When Daniel's dad eventually crossed the Channel, his boat was one of the first groups to be selected to go to Rwanda. The government stopped the flights however, in the last minutes before take-off, and he was sent to a refugee hotel in London.
A bus picked up the 21-year-old, who has become self-taught and fluent in English, one day in London providing no indication as to where he was going in the UK.
After two different stops, his name was called as the bus pulled into Carlisle's Hilltop Hotel.
Eleven months later, living on £8 per week, Daniel looks to make positive light of his situation but was disheartened following the recent anti-refugee march through the city, which was labelled 'Save Our Streets'.
"People judge refugees, they think we're criminals," he said. "We go to church, we make friends, and everyone in the church likes us but when we see that some people judge us for something that wasn't our choice, it's bad.
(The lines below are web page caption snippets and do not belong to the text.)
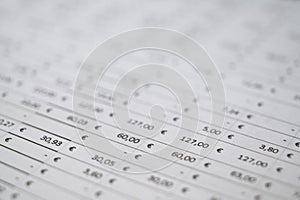 Table with numbers, Euro amounts, calculator, and coins.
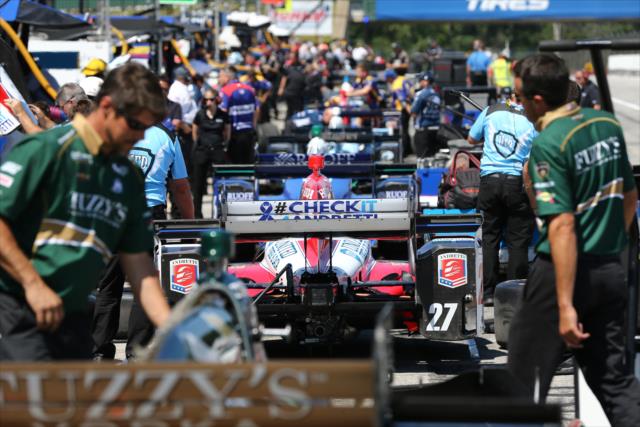 Teams look over their respective machines on pit lane prior to the final warmup for the Honda Indy 200 at Mid-Ohio -- Photo by: Chris Jones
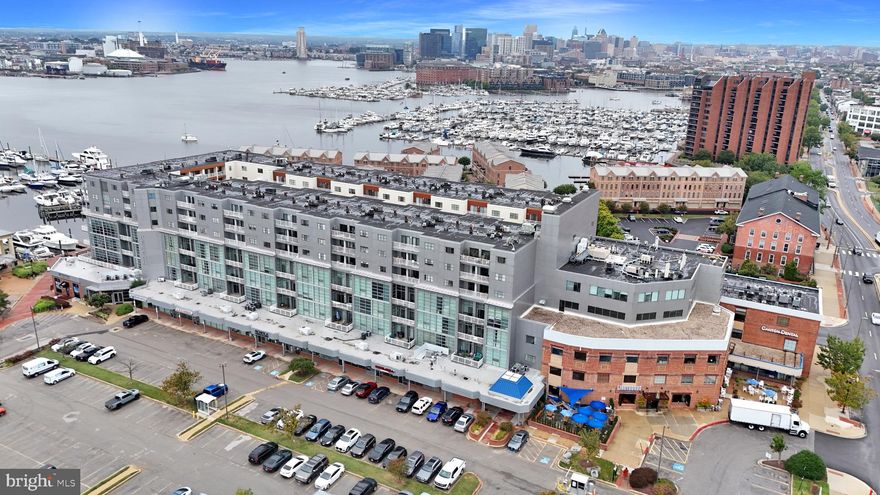 Welcome to resort-style living at Canton’s Waterfront! This contemporary two-bedroom, two-bathroom condo offers a luxurious lifestyle with stunning water views visible from the private balcony and nearly every room. The home features a bright, open floor plan with LVP flooring throughout the main living area and cozy carpeting in the bedrooms. The primary bedroom includes an en-suite bathroom, and both bedrooms boast large walk-in closets for ample storage. Recent upgrades include a smart thermostat, a new dishwasher (2024), and a hot water heater (2020).  Residents enjoy a wealth of amenities, including a front desk concierge, 24-hour security, and a gated community, along with the convenience of Lighthouse Canton wine, liquor, and deli located on the first floor. Fitness enthusiasts will appreciate the two on-site fitness centers. Parking is hassle-free with a deeded garage spot and plenty of street parking for guests. The condo offers easy access to I-95, 895, and 83. Plus, it's pet-friendly and within walking distance to Canton and Fells Point's finest local dining, bars, grocery stores, and boutique shops.
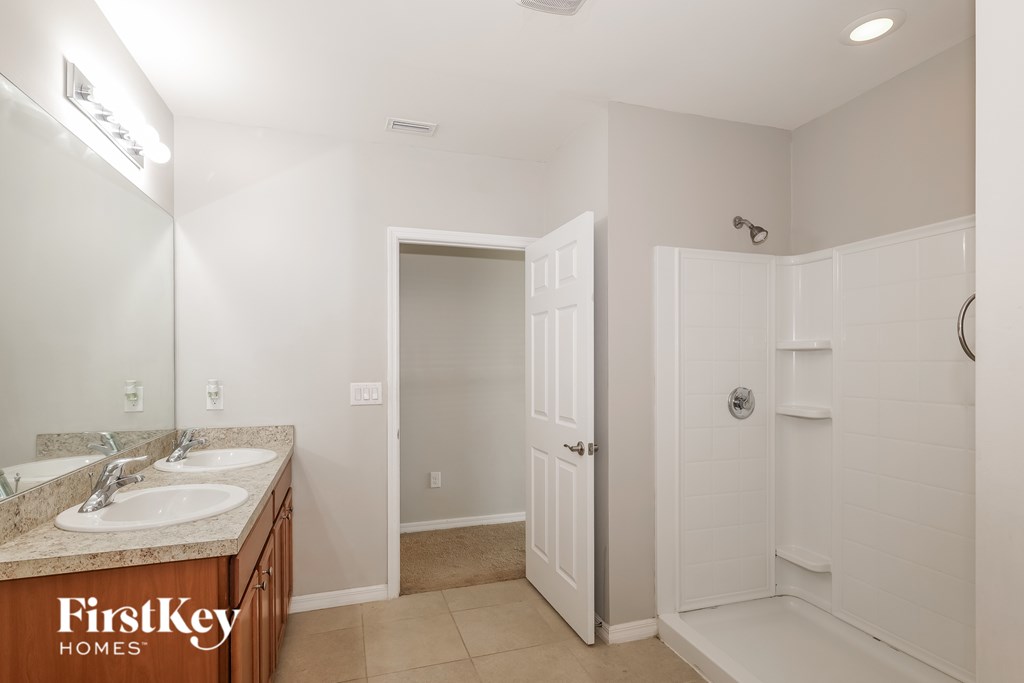 A bathroom with a sink, mirror, and shower.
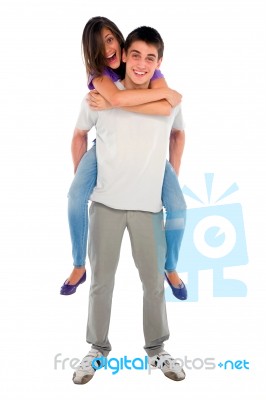 Teenage Boy Piggybacking Girl Stock Photo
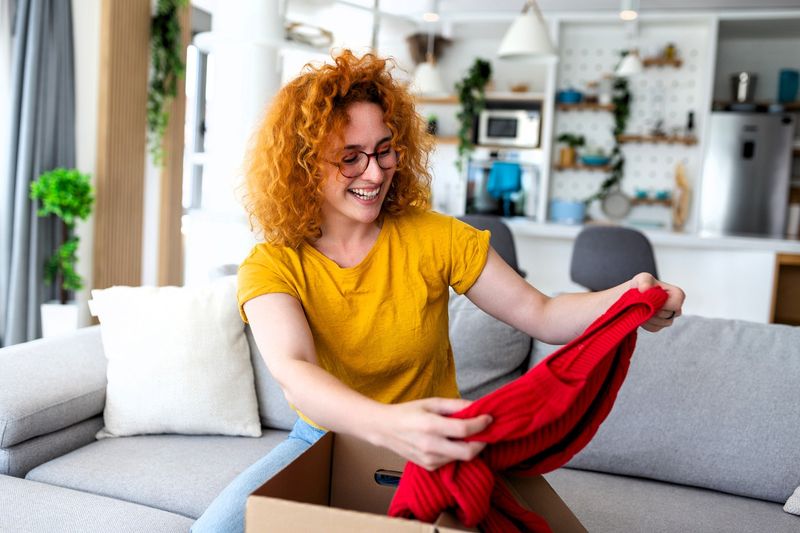 a female unboxing an old red dance dress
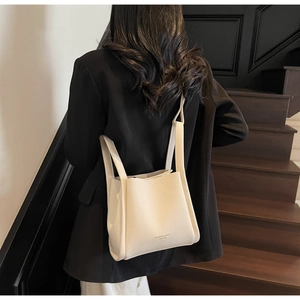 Detail view of white lychee textured leather bucket bag worn over the shoulder by a model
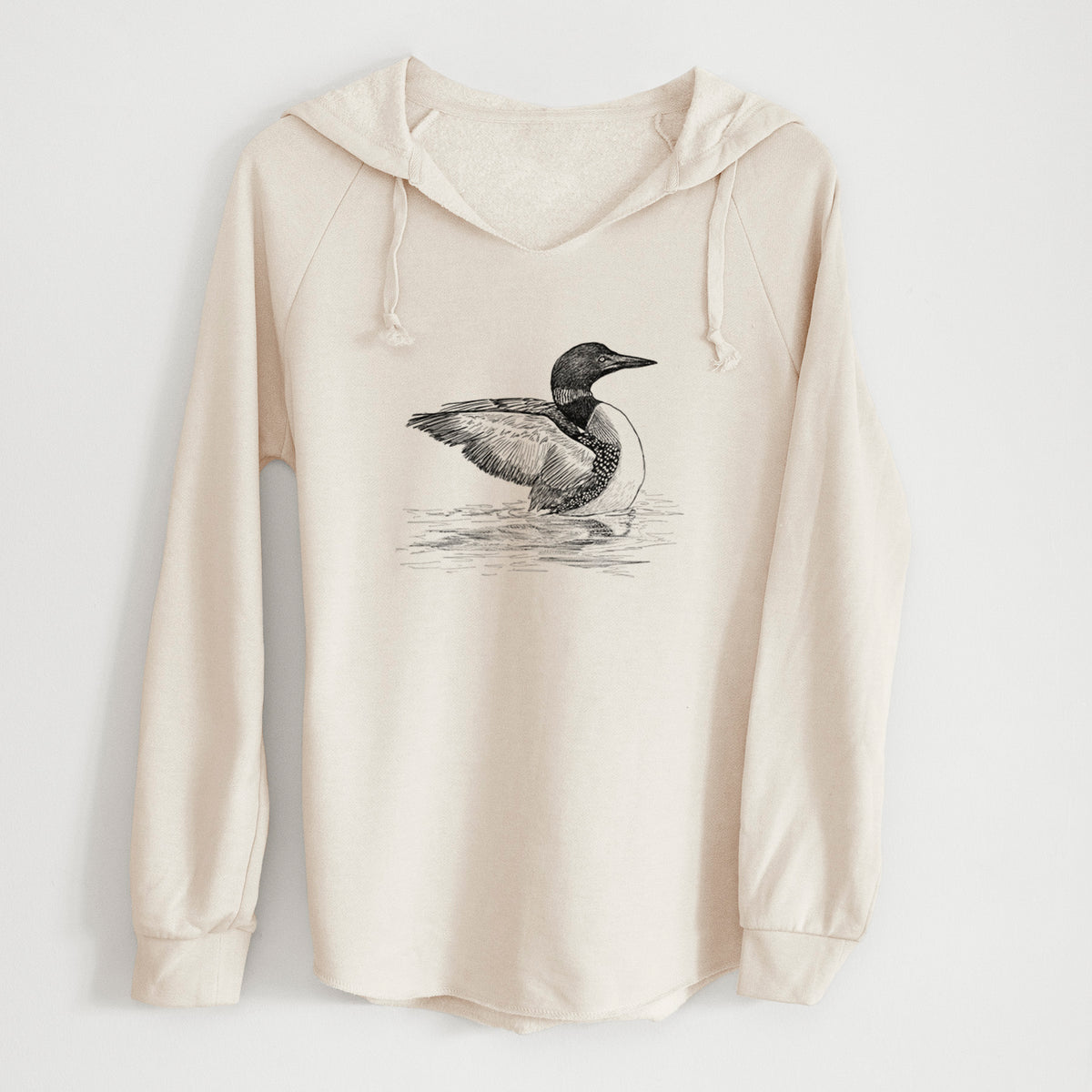 Bone cream women's Cali Wave hooded sweatshirt laid flat, printed with a detailed black ink sketch of a common loon floating on rippling water.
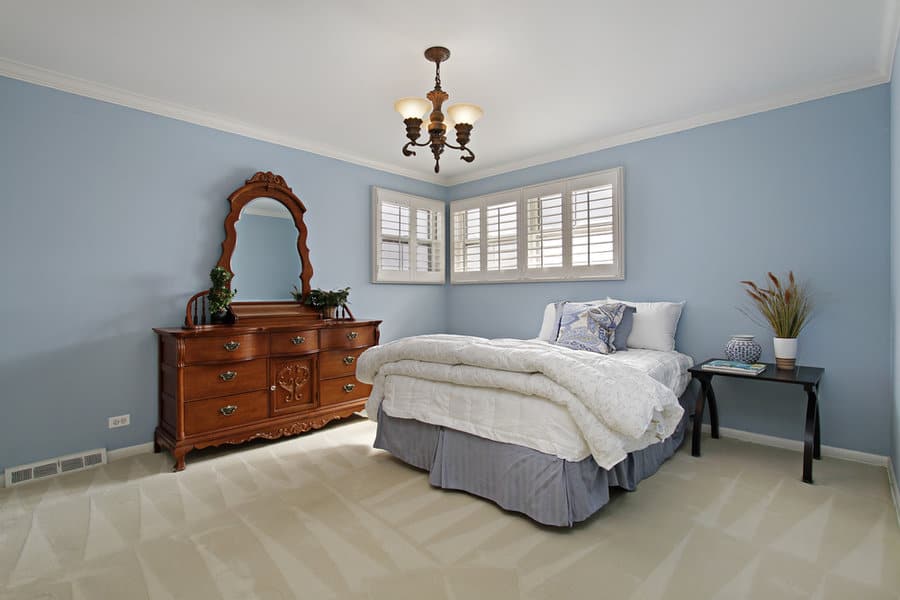 blue bedroom with vintage vanity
"I've been living with you for almost a year but I'm a stranger in your eyes. You think I'm a criminal and you want the government to send us elsewhere to make your street safe.
"Maybe we don't know the city, maybe we don't know the culture, why don't you try, tell us, come talk to us?
"I want to do so much more than sitting in my room. I want to go to university, I want to get a job but what makes me sad is that we're not allowed - that is the hardest part.
"It's frustrating and depressing," he said.
Daniel hopes to be reunited with his father soon.